Several people have asked me in the past year since I left the International School of Storytelling what made me decide to change from working with all kinds of stories to specialising in true life stories. Whilst I was working at the Amari School of Storytelling in Crete earlier this year, the answer was simply and beautifully presented to me one morning.
It was the first days of the 3 week Personal Storytelling Intensive which I was running with Stella Kassimati and we came to the moment in the morning where the whole group were sitting in a circle and it was time to invite someone to light the candle and say a few words for the day. As I was waiting for someone to feel inspired, I looked around at the group that was gathered there in the old School House of the tiny village of Amari high in the mountains: Greek (of course!), Australian, South African, Irish, American, Dutch (3 of them!), Turkish and me from the UK. One of the things I love about storytelling is that people from all over the world love stories and so groups are often completely international, with a wide age range and life experience. On this particular morning, Peter Mohan from Ireland took up the box of matches, knelt down and said, “I’ve a friend in Dublin called Gerry Hussey. One evening we were out for a few drinks and in deep conversation when he said to me, “You know Peter, humanity is irresistible”. So I’d like to light the candle today for humanity and for all our irresistibility!” A spontaneous clap broke out after Peter had finished speaking, the kind of response that happens when someone really hits the mark.

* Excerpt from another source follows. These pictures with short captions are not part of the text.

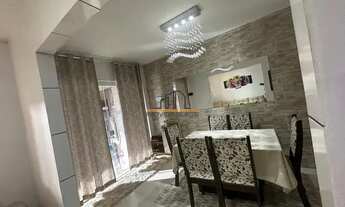 Imagem 2: SOBRADO 4 QUARTOS 1 SUÍTE - IMPECÁVEL - ALTO PADRÃO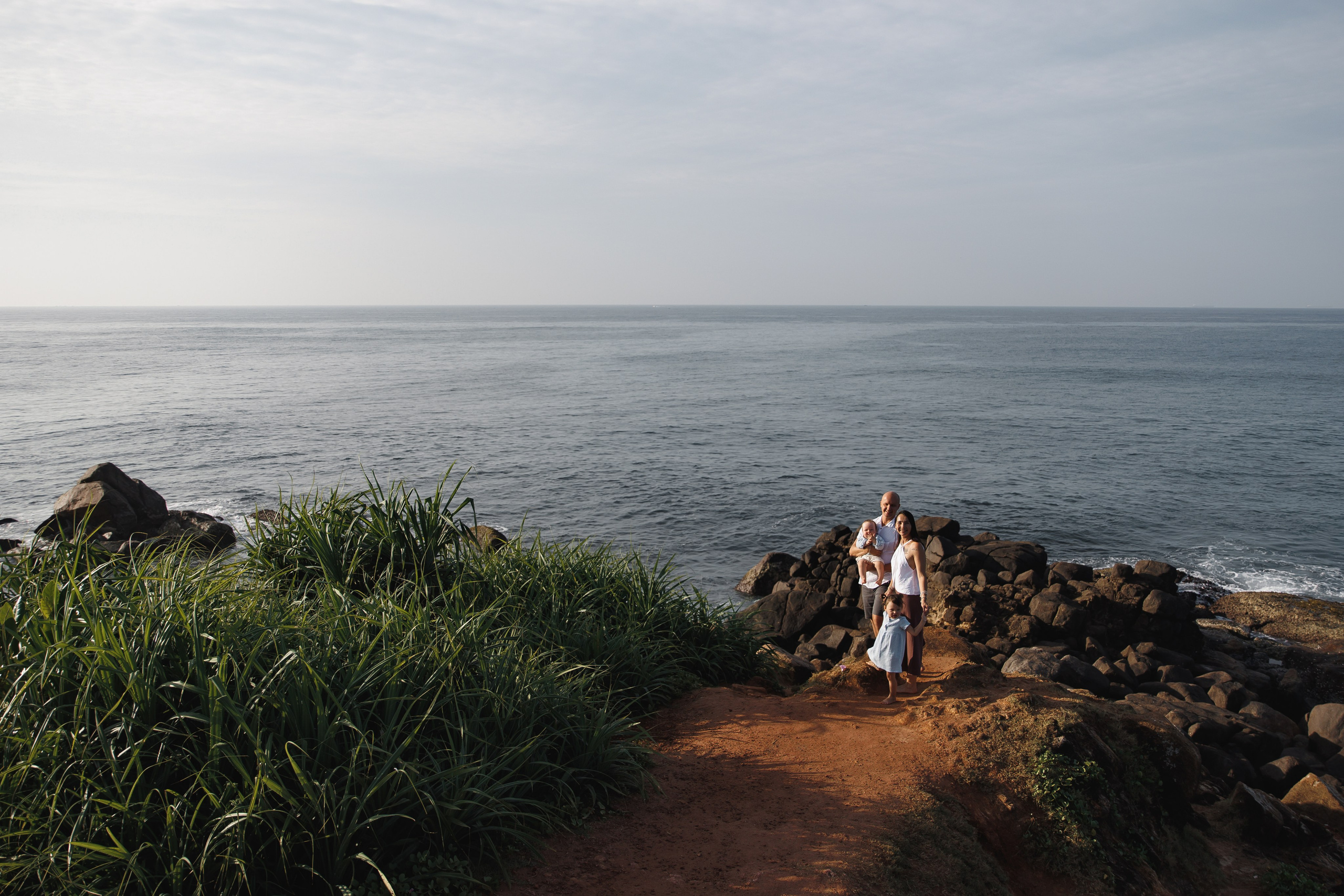 Family. Свадебный фотограф в Санкт-Петербурге, Москве, Европе и по всему миру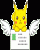 /album/pikachu/pikachu-029-gif/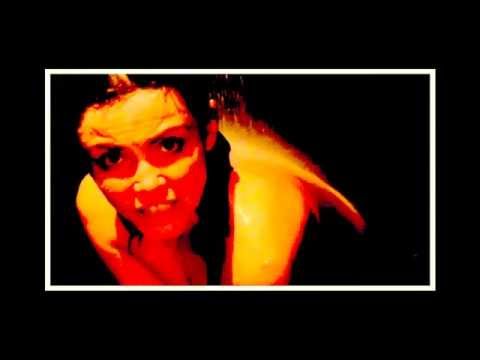 Marina Celeste -  The Lovecats ( ALBUM NEW WAVES)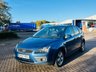 USED 2007 07 FORD FOCUS 1.8 TDCi Zetec Climate Hatchback 5dr Diesel Manual (143 g/km, 113 bhp) MOT September 2025|Full Service History|Part X Welcome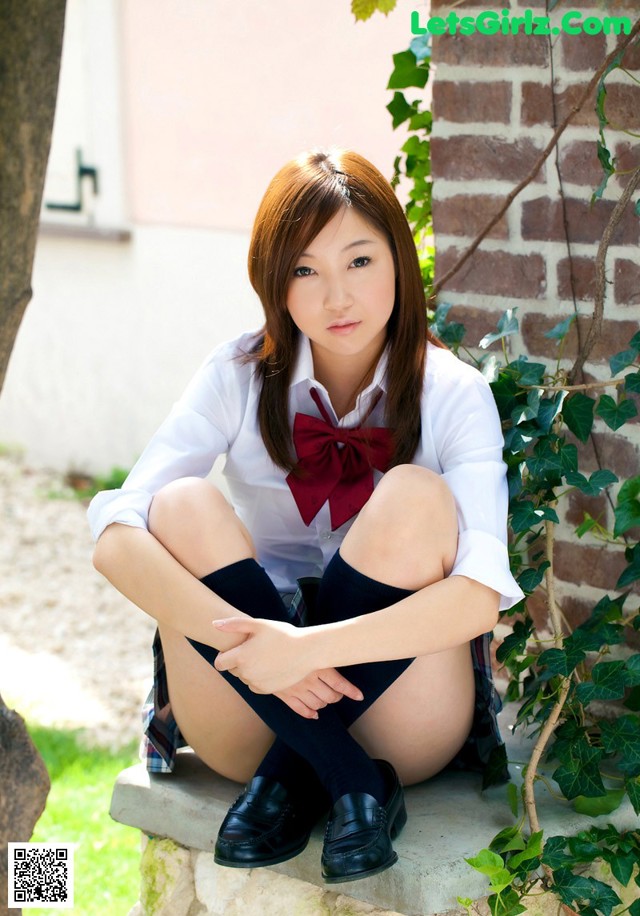 Ami Asai - Hairypussy Sex Biznesh No.3ff987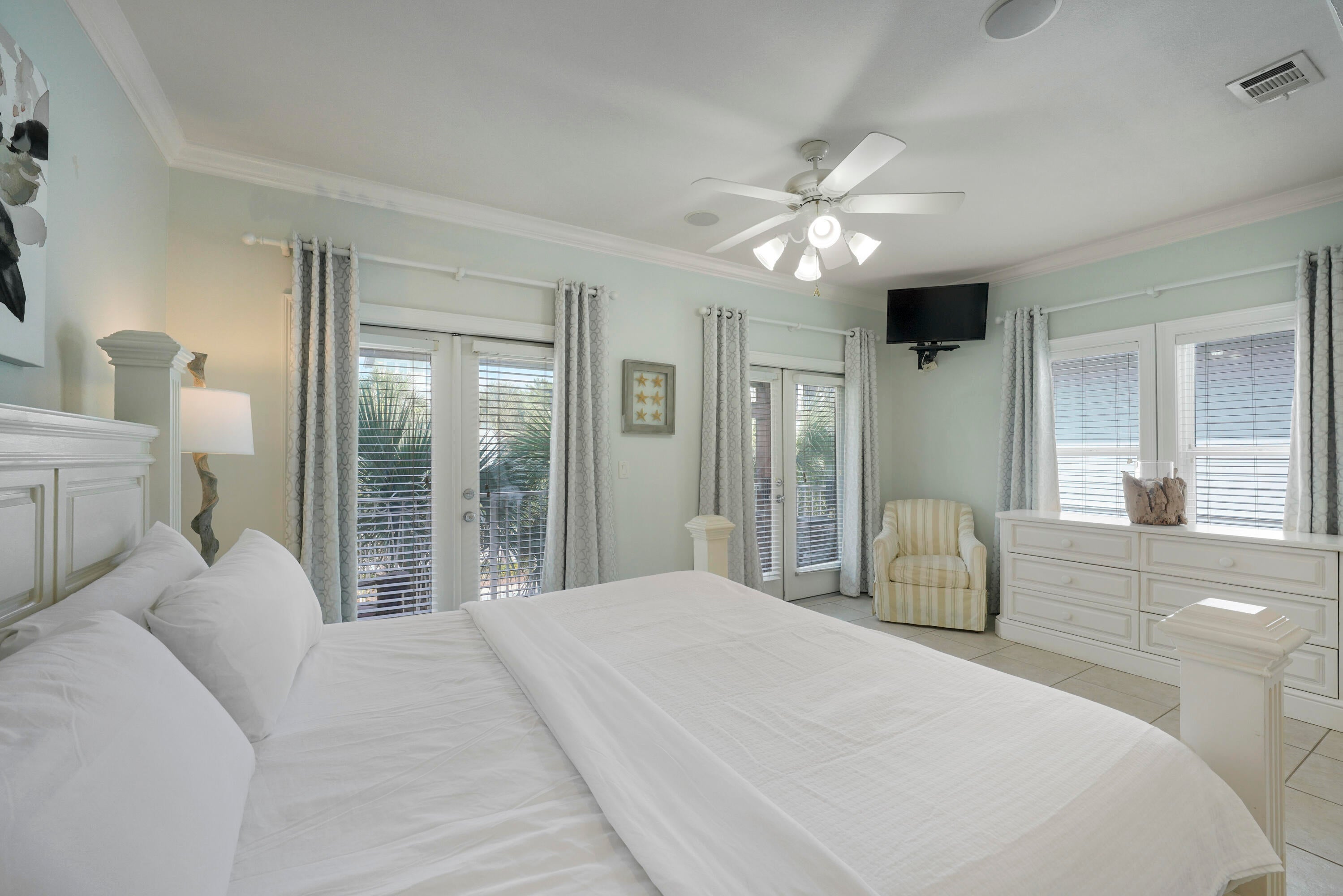 SEACREST BEACH - Residential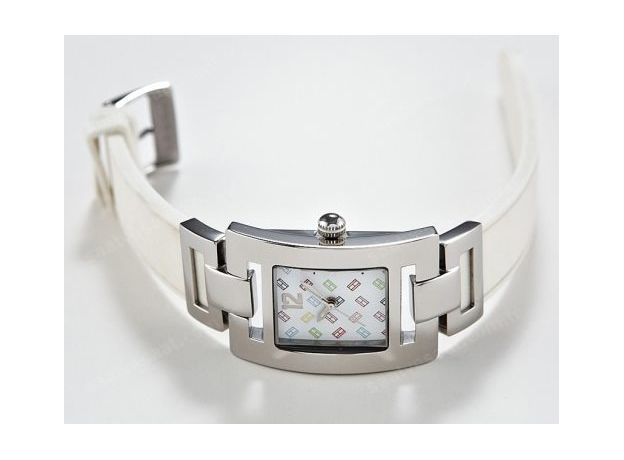 Tommy Hilfiger TH-1781066, фото 5 | Интернет-магазин оригинальных часов и аксессуаров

Later that evening I was reflecting on that moment and found myself thinking of the many hundreds if not thousands of people I have worked with over the years, all of them with a true, personal story they wanted to tell. I remembered the South African freedom fighter brought up to be a strong man who one day broke down and understood what being a man really meant, the courageous woman in her 40’s who wanted to describe how much she valued the love of the man who had been intimate with her when she was a child, the woman who accompanied her mother’s spirit as she died, the man who lost his virginity on a bus, the horse who went for a swim, climbing a baobab tree, families and work, love and loss, challenges and triumphs. The passion and commitment that these people had to their story reflected their passion for life. In working to tell their stories in the best possible way that they could, with artistry, perception and commitment, they were honouring themselves and the people in their lives and ultimately honouring the sacred gift of life itself.
So as you head out the door today, take a moment to really look at the people you pass in the street or that you meet with. Each one has a story worth telling, a story worth listening to and just remember, “Humanity is irresistible!”